BRICS ülkeleri, yani Brezilya, Rusya, Hindistan, Çin, Güney Afrika, İran, Mısır, Etiyopya ve Birleşik Arap Emirlikleri, ABD dolarına olan bağımlılıklarını azaltma yönünde kararlı adımlar atıyorlar. Bu ülkeler, doların küresel etkisini azaltmayı ve finansal güç dengesini değiştirmeyi amaçlıyor. Bu yönde atılan önemli adımlardan biri, bu ülkelerin altın alımlarını artırarak geleneksel dolar rezervlerinden uzaklaştıklarının sinyalini vermeleri.
Kripto Para Analistlerinin Görüşleri
Kripto para analistleri, BRICS ülkelerinin ABD dolarına olan yönelimlerini azaltma konusunda önemli adımlar attığını gözlemliyor. Hindistan ve bazı Afrika ülkeleri, altın rezervlerini daha önce görülmemiş oranlarda ülkelerine geri göndererek bu harekete ivme kazandırmış durumda. Dolar rezervlerinin altınla stratejik olarak değiştirilmesi, doların küresel finans üzerindeki hakimiyetini zayıflatma niyetlerinin açık bir göstergesi.
BRICS ittifakının jeopolitik etkisi de giderek daha belirgin hale gelmekte. Bu ülkeler, geleneksel güç dinamiklerine meydan okuyarak uluslararası ilişkilerin manzarasını değiştiriyor. New York Times yazarı Jim Rickards gibi bazı yorumcular, özellikle Ukrayna’da devam eden savaş gibi çatışmalarda ABD’nin hala önemli bir kontrole sahip olduğuna inanırken, BRICS ülkelerinin eylemleri aksini gösteriyor. Rickards, ABD’nin gözetleme varlıklarını geri çekmesi nedeniyle savaşın yakında sona erebileceğini ve bunun da Ukrayna’ya verilen desteğin azalması anlamına geldiğini ileri sürüyor.
Petrodolar Anlaşmasının Sonuçları Neler Olabilir?
Bir diğer kritik gelişme de Suudi Arabistan’ın petrodolar anlaşmasını feshetmesi. Bu hamle analistler tarafından ABD dolarına potansiyel bir darbe olarak görülmekte ve finansal ortamı daha da karmaşık hale getirmekte. Bu anlaşmanın sona ermesi, petrol işlemlerinin tarihsel olarak dolar üzerinden gerçekleştirilmesi ve doların küresel hakimiyetini pekiştirmesi nedeniyle büyük bir değişim anlamına geliyor.

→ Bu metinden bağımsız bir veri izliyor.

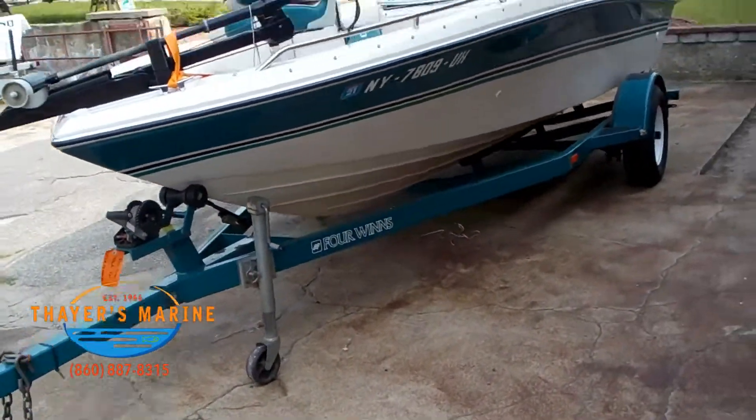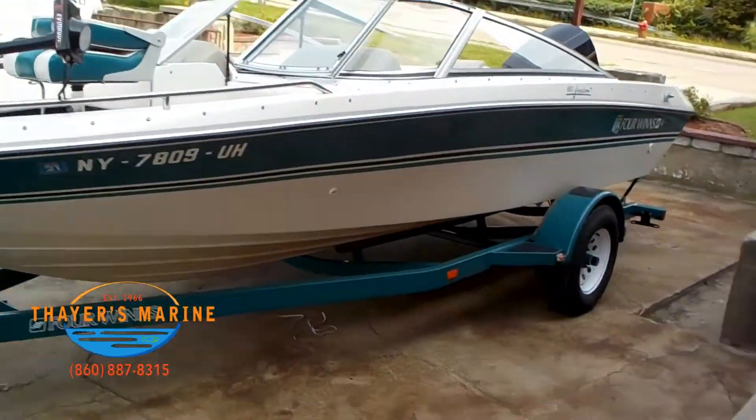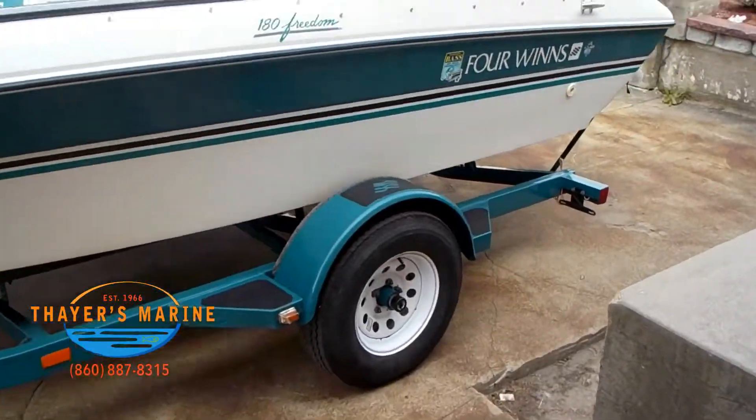We carry Ranger, Evinrude, Triton, Lund, Nitro, Tracker, Bayliner, and Mercury.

Çin’in bu gelişen senaryodaki rolü durumu daha da karmaşık hale getiriyor. Çin, BRICS üyesi olmakla birlikte, stratejik olarak BRICS ya da Uluslararası Para Fonu (IMF) ile uyum sağlamamayı seçti. Bu uyumsuz duruş, Çin’in değişen finansal ortamda daha fazla esneklik ve etkiyle yol almasına ve kurulu düzene daha fazla meydan okumasına olanak tanıyor.